1.1663630-704148814
Rommel “Mel” Mendoza Image Credit: Agency

Manila: One of seven hopefuls running for the Philippine presidency in the May elections has withdrawn from the race and is now backing Vice President Jejomar Binay’s bid for the top post.

Virtual political unknown Rommel “Mel” Mendoza of the Pwersa ng Masang Pilipino (Force of the Masses Party, or PMP) has withdrawn his candidacy and practically endorsed Binay, who is running under the United Nationalist Alliance (UNA), the group claiming to hold the political opposition banner, reports said.

Mendoza’s exit from the presidential race comes just two days shy of a self-imposed deadline set by the Commission on Elections for the poll body to come up with a final list of candidates in the 2016 elections.

Mendoza, a Bulacan resident, lists his experience as a “project officer” as among his qualifications for the presidency and had made several attempts to run for public office as a leader at village level. All his bids failed.

Asked for comment, insiders from UNA said they welcome the development that Mendoza had withdrawn his bid and the PMP is practically endorsing Binay.

“It is good that the PMP is now supporting a candidate,” the Gulf News source, who asked that he not be named, said.

Binay is apparently trying to distance himself from Estrada whose administration had been tainted with corruption.

The vice-president is also being accused of administrative wrongdoing, allegedly committed during his term as mayor of Makati City and sources said the last thing the presidential hopeful wants right now is to be associated with a party (PMP) identified with dishonesty.

Binay and Estrada are known to be political allies.

The source said Mendoza’s bid for the presidency and his eventual withdrawal from the race had the “blessings” of former Senator Jinggoy Estrada who has been under detention over the last two years amid allegations that he benefited from millions of pesos in largesse from Priority Development Assistance Fund (PDAF or pork barrel discretionary allocations).

But the same source noted that PMP remains a political force although its ability to deliver votes in this election is questionable.

Formed by then vice-president Joseph Estrada in 1998 as the political machinery that would back his presidential bid, the PMP of late has teetered on political obscurity with the reversal of political fortunes of the Estrada family.

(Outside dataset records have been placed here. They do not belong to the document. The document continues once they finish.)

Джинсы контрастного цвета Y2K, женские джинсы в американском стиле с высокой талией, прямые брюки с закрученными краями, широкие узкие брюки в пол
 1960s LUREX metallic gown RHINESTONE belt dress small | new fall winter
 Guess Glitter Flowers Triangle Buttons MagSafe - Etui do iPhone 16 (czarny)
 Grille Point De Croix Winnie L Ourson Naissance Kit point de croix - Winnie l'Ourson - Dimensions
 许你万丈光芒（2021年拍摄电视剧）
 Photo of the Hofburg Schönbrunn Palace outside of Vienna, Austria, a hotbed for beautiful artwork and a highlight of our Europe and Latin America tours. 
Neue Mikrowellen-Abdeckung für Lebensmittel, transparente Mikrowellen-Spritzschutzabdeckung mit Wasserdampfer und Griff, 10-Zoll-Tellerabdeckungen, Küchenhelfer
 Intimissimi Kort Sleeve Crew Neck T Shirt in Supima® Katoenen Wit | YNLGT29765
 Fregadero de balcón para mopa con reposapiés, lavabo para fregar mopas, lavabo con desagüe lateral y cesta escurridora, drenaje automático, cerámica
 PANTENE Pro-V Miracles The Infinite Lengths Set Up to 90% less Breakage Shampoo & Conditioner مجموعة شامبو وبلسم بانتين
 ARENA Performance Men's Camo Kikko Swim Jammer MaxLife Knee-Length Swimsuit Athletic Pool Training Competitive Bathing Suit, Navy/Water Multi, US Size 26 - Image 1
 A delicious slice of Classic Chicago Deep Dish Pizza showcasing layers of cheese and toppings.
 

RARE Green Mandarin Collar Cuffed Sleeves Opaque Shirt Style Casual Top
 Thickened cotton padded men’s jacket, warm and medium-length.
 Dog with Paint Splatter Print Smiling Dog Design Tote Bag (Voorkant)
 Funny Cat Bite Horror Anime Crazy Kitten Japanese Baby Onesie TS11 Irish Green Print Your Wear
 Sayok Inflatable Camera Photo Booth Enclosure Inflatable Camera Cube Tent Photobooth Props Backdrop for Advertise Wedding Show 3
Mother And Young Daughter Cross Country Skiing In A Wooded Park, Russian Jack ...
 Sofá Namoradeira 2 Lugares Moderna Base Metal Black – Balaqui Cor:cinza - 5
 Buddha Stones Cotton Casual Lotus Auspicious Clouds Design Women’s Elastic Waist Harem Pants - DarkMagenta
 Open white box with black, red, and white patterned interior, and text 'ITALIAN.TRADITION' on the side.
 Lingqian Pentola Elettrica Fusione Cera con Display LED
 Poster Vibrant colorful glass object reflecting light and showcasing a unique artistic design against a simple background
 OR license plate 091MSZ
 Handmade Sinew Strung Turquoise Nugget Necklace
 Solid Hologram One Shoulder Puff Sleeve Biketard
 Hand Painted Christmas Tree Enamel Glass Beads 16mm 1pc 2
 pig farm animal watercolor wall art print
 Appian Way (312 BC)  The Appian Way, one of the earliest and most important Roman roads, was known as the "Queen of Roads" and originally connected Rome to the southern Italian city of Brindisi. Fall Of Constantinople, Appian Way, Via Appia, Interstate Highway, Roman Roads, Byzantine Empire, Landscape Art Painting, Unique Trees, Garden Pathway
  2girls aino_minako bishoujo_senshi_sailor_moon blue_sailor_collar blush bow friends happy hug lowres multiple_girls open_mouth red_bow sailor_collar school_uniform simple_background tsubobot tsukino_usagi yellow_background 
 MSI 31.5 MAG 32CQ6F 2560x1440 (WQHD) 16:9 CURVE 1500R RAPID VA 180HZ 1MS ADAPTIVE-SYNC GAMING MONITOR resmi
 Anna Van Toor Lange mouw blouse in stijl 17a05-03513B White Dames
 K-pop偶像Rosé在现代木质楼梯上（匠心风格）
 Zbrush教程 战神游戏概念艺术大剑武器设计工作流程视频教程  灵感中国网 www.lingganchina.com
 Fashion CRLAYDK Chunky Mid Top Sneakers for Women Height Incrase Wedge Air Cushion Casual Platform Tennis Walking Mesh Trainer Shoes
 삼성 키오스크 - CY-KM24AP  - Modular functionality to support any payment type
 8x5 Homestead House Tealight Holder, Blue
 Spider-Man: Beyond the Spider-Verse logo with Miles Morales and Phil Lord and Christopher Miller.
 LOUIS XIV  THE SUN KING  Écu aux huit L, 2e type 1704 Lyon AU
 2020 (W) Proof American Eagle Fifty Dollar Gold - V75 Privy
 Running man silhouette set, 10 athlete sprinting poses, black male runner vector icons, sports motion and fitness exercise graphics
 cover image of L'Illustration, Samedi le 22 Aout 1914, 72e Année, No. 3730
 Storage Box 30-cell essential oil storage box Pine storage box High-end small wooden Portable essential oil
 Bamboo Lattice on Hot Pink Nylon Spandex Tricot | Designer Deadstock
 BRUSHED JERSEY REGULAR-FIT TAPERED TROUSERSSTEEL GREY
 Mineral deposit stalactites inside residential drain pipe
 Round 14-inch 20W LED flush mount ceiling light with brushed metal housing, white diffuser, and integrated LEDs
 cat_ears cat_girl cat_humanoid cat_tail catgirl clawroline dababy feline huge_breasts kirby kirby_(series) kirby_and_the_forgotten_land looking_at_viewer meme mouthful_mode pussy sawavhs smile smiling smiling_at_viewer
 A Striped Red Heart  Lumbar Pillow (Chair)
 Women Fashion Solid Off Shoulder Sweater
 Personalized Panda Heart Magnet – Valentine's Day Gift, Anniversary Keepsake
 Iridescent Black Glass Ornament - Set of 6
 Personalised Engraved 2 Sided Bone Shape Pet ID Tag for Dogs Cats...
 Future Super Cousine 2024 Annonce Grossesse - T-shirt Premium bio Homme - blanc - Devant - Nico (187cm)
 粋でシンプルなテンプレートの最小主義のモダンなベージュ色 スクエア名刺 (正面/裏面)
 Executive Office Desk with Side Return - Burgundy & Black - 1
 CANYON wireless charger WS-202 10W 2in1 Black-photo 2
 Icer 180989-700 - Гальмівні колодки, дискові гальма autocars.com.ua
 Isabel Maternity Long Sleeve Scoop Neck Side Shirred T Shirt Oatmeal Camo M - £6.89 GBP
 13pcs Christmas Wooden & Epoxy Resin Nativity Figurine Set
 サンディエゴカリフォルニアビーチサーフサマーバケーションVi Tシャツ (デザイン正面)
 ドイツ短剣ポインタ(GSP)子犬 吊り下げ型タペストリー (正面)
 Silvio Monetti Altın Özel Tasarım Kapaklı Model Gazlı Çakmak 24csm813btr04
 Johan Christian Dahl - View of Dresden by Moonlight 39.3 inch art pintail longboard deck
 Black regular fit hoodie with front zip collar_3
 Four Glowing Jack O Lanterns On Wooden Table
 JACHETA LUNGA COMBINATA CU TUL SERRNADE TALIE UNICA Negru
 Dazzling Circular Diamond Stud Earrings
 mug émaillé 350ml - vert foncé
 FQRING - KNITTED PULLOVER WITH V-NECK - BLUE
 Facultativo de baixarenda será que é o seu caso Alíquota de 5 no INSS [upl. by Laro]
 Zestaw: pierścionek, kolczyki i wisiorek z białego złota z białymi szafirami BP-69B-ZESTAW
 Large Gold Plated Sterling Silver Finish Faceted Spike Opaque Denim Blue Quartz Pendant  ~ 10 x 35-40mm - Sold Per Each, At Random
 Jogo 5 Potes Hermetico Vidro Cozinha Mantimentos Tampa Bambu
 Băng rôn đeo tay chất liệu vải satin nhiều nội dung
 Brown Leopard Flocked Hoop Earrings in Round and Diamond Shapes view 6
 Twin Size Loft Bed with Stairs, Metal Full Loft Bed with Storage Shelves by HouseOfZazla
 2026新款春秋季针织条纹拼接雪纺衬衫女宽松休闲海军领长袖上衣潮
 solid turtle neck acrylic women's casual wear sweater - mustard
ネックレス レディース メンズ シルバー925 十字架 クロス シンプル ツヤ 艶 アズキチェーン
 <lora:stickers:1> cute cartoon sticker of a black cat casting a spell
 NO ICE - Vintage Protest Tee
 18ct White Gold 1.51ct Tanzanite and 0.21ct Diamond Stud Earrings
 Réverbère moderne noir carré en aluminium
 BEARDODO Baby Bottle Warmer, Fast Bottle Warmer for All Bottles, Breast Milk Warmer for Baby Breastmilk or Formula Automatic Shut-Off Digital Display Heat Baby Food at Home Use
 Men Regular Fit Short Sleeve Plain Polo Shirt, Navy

The PMP has evolved to become identified with the Estradas.

Estrada was overthrown by a popular uprising in January 2001 after a three-year scandal-tainted presidency that saw the former actor-turn politician being slapped with a barrage of allegations and found guilty of committing the capital crime of plunder in 2008. He was pardoned by President Gloria Macapagal-Arroyo that same year.

He ran but for the presidency in 2010, but did not succeed.

In 2013, he was elected Manila mayor.